Man calls Washington sheriff's office to inquire about legality of hunting bigfoot


Last week, the Stevens County Sheriff's Office in Eastern Washington received an interesting phone call from a man looking to hunt for sasquatch.

According to a Facebook post by the sheriff's office, the caller told office staff that he would be traveling to the area in mid-April and wanted to hunt in the Big Meadow Lake area in Northeast Washington. Sheriff's office staff initially tried to refer the man to Washington state Department of Fish and Wildlife, but he told them they had referred him to the sheriff's office.

The man's concern was how to stay legal while hunting the mythical beast in the Big Meadow Lake area because Washington state regulations regarding sasquatch hunts were unclear.

The caller asked the sheriff's office whether shooting a sasquatch was illegal in Stevens County and whether a regular hunting license was enough to keep his sasquatch hunt above board legally. He also said he would not hunt or shoot a female sasquatch.

The Stevens County Sheriff's Office patrol chief called the man to explain that Meadow Lake is in nearby Pend Oreille County Sheriff's jurisdiction and that there is no sasquatch in Stevens County.

"We know this because one of our deputies would have accidentally hit one with the patrol car by now," the sheriff's office’s social media post said.
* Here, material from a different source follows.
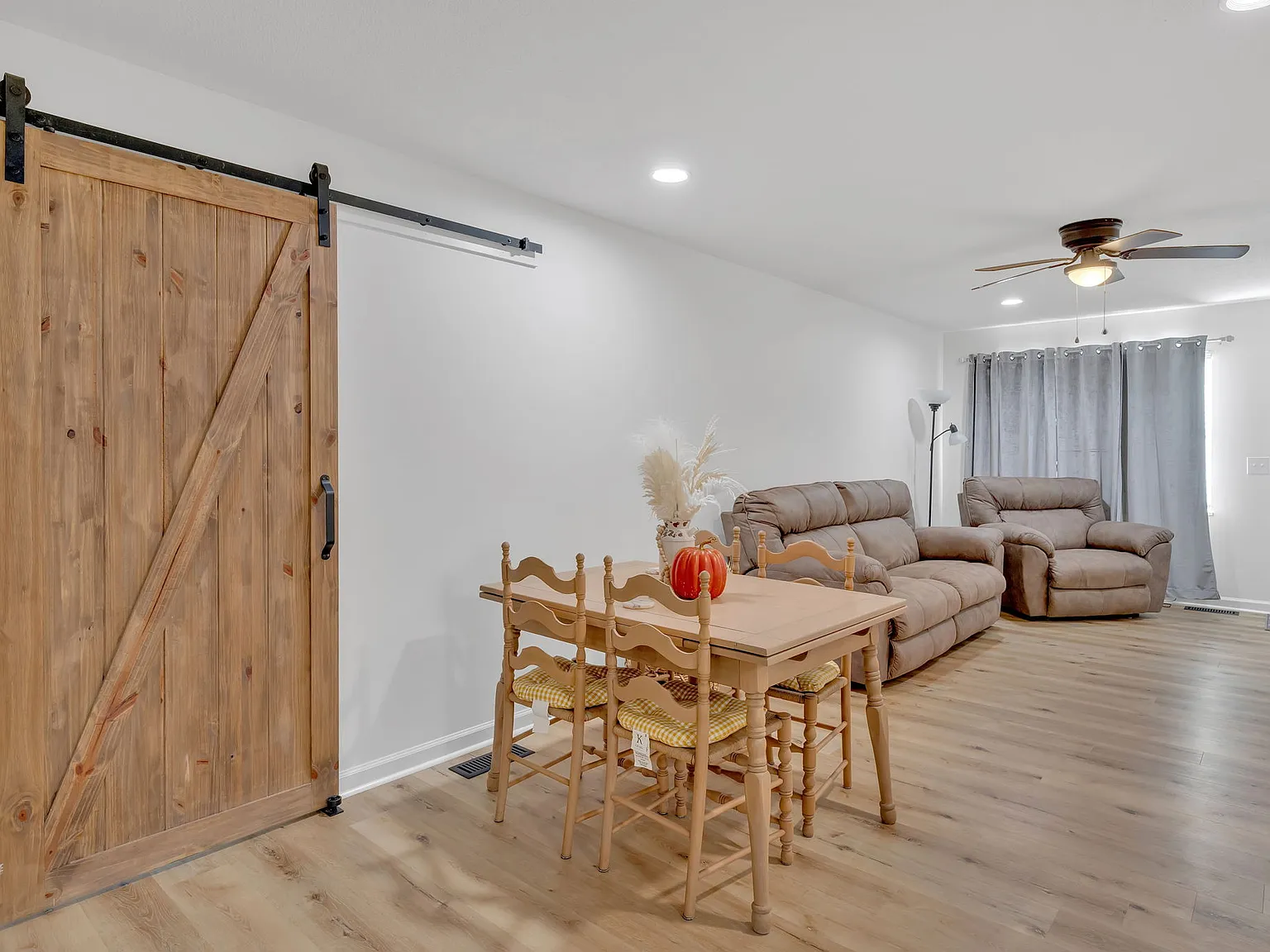 3 bed, 1.5 bath, 1200 sqft, $2,000 — Photo 3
According to the Bigfoot Field Researchers Organization, Washington is the top state for sasquatch sightings. There have been 708 "credible" sightings, according to the organization.

A 1992 resolution established Whatcom County as a sasquatch protection and refuge area.
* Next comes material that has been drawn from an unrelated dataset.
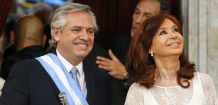 El resultado del domingo puso en evidencia las grietas preexistentes en la alianza gobernante; ayer el oficialismo quedó al borde del abismo; Cristina Kirchner presionó para intervenir el equipo del Presidente, que resiste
In 1969, Skamania County passed a law forbidding the harming of sasquatch. Doing so would result in a $1,000 fine and a year in jail. The county later changed the law to state that "any premeditated, willful and wanton slaying of any such creature shall be deemed a felony punishable by a fine not to exceed $10,000, and/or imprisonment in the county jail for a period not to exceed five years."

It is unclear if Stevens County has any such ordinance or law.